Graph Databases: Their Power and Limitations

Publikace na Matematicko-fyzikální fakulta |

2015

Abstrakt

Real world data offers a lot of possibilities to be represented as graphs. As a result we obtain undirected or directed graphs, multigraphs and hypergraphs, labelled or weighted graphs and their variants.

A development of graph modelling brings also new approaches, e.g., considering constraints. Processing graphs in a database way can be done in many different ways.

Some graphs can be represented as JSON or XML structures and processed by their native database tools. More generally, a graph database is specified as any storage system that provides index-free adjacency, i.e. an explicit graph structure.

Graph database technology contains some technological features inherent to traditional databases, e.g. ACID properties and availability.

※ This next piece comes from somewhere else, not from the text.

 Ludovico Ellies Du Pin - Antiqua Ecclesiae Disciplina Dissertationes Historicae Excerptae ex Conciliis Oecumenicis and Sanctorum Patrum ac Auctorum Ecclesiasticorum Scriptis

Use cases of graph databases like Neo4j, OrientDB, InfiniteGraph, FlockDB, AllegroGraph, and others, document that graph databases are becoming a common means for any connected data. In Big Data era, important questions are connected with scalability for large graphs as well as scaling for read/write operations.

For example, scaling graph data by distributing it in a network is much more difficult than scaling simpler data models and is still a work in progress. Still a challenge is pattern matching in graphs providing, in principle, an arbitrarily complex identity function.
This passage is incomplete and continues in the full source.